According to the Croatian language portal (HJP), the Croatian language contains 116,516 lexical units (words). The portal is a helpful interactive website that many people use to check the spelling, meaning and correct use of words. Vocabulary, of course, varies depending on the location and its application. Have you ever noticed that your vocabulary changes depending on who you talk to? You use a certain type of words at work, whereas while talking to a child, you try to avoid using “difficult” words. If you are an expert in a certain field, your vocabulary differs significantly from everyday speech vocabulary. This certainly applies to professions such as doctors or lawyers, but also electricians, accountants and zookeepers.

The mass media also have their own vocabulary, and by that, we mean a set of words used in writing newspaper or internet articles and in a speech on radio and television news programs.


How many words do the media use?


The spark that ignited our interest was research conducted back in 1980. Dubravko Škiljan took articles from Večernji list and Vjesnik and manually counted how many different words were used. Back in 1980, the size of Vjesnik’s vocabulary contained 75,754 running words and 10,124 lemmas, while Večernji list featured 54,525 running words and 8,653 lemmas.

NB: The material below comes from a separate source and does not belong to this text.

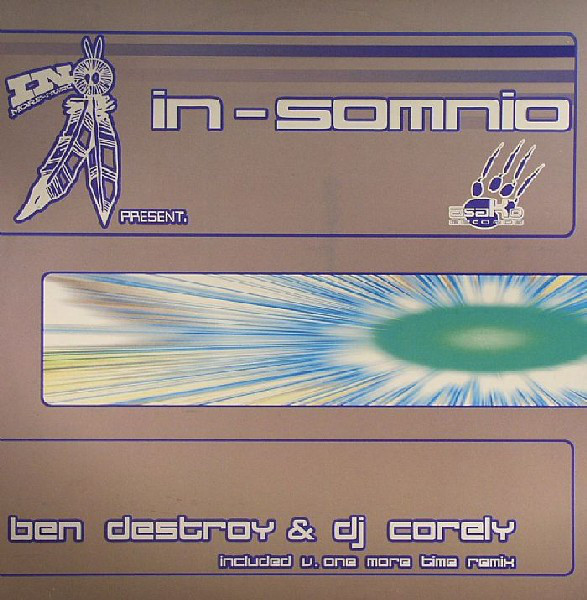 (4308) Ben Destroy & DJ Corely ‎– In-somnio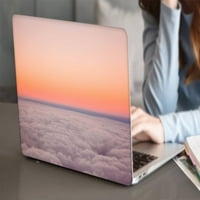 Kaishek je samo kompatibilan MacBook Air S Case Model za otpuštanje M1 A2179 A1932, plastična zaštitna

What are running words and what are lemmas? Why do these figures differ so much and which figure should be taken into account?

When examining words, you have to bear in mind that words do not always appear in the same form. The word “kuća” can appear in the text as kuća, kući, kućama, kuće, kućom etc. When we talk about all the forms of the words, we are talking about running words. Lemmas, on the other hand, are words in their basic form. Lemmas kuća, kući, kućom and kućama are one word because they refer to the same basic form.


Which number then should be taken into account?


Both numbers should be taken into account because each gives different information and together they form the answer to the question concerning the size of the vocabulary. Measuring the number of running words shows how many different words a media outlet has used, while measuring the number of lemmas reveals how many different basic forms of words the media outlet has used. ​ In other words, the richness of vocabulary measured by lemmas evaluates the diversity of the number of words used, while the vocabulary measured by running words reveals how rich the certain vocabulary is with all its variants and forms of words. These two figures, therefore, complement each other.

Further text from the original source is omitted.